= The Streets of New York (musical) =

1963 musical

The Streets of New York is a musical with book and lyrics by Barry Alan Grael and music by Richard B. Chodosh. Based on the play of the same name by Dion Boucicault, it was originally written for the 1948 Varsity Show at Columbia University, with music by Chodosh and Philip Springer and book by Alan Koehler and Joseph Meredith. After its premiere, it was revived three times for the Varsity Show in 1952, 1958, and 1961. Due to its success, a new book was written for it by Gael, also a student at Columbia, while Chodosh added new music to it. This edited version opened on October 29, 1963 at the Maidman Playhouse.

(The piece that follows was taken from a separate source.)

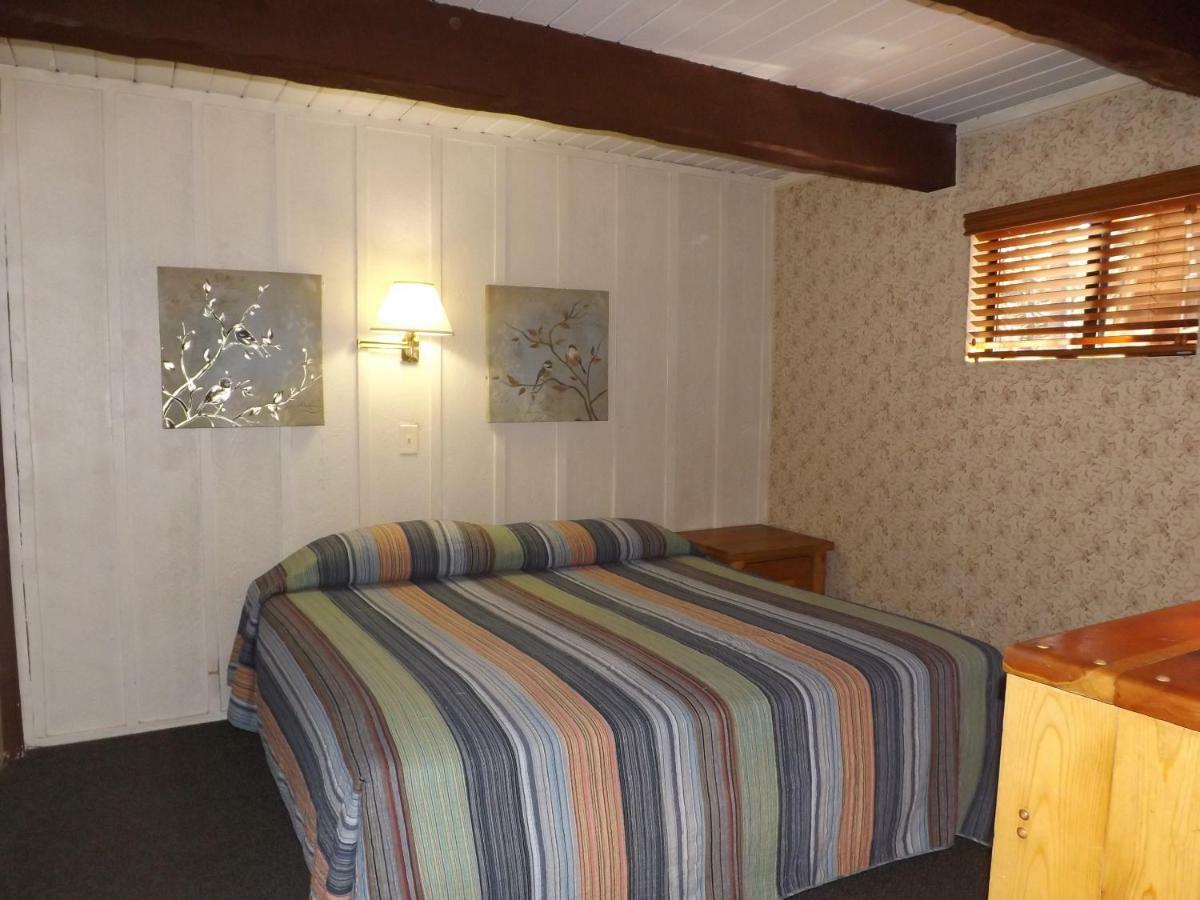 Arizona Mountain Inn & Cabins 깃대 외부 사진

The play was a "critical and popular hit", with nearly unanimously favorable reviews. Howard Taubman praised the production in The New York Times, writing that "Barry Alan Grael's lyrics are nimble and occasionally witty, and Richard B. Chodosh's music sustains the mood of well-bred spoofing," though he criticized the Boucicault story the musical was adapted from. Newsweek called the show "the brightest musical of this season and maybe next."

The Streets of New York ran for over ten months, with 318 performances, and was awarded a 1964 Drama Desk Special Award. In December 1963, it became the first musical and the first off-Broadway production to be taped and aired on pay television.